What you need to do:
In the records below, find the line containing "Load image into" and the line containing "Toyota Vellfire 2021". Give again exactly those lines and every line between them, omitting the pictures.

Dataset records:
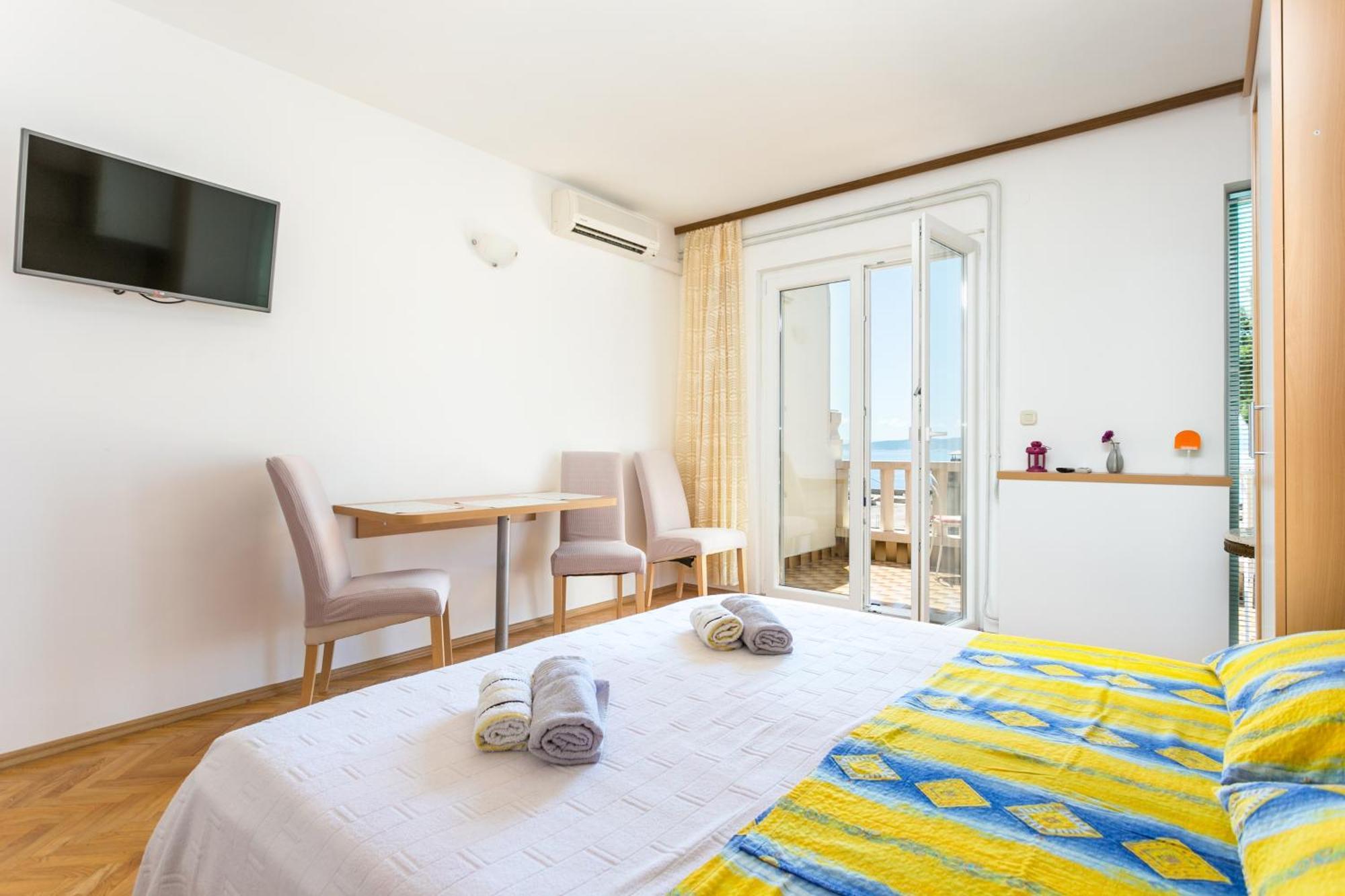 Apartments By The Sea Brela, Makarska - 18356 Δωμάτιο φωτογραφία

---

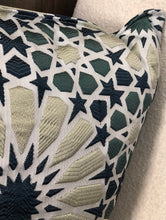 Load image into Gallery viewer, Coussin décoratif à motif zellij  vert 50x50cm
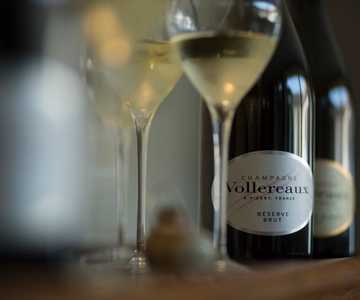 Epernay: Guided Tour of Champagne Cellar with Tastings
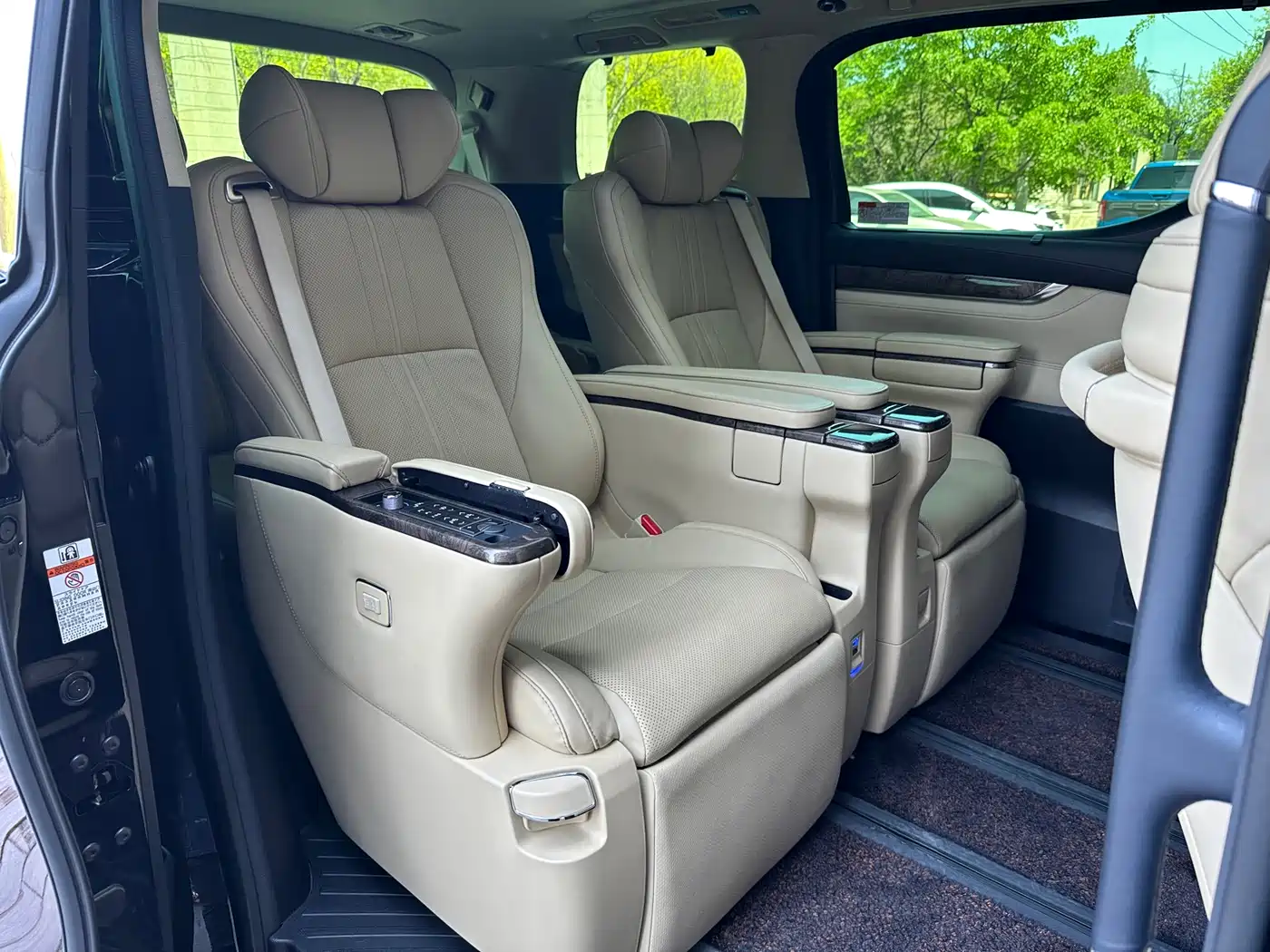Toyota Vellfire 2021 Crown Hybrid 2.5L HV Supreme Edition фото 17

Response to this exercise:
 Load image into Gallery viewer, Coussin décoratif à motif zellij  vert 50x50cm
 Epernay: Guided Tour of Champagne Cellar with Tastings
Toyota Vellfire 2021 Crown Hybrid 2.5L HV Supreme Edition фото 17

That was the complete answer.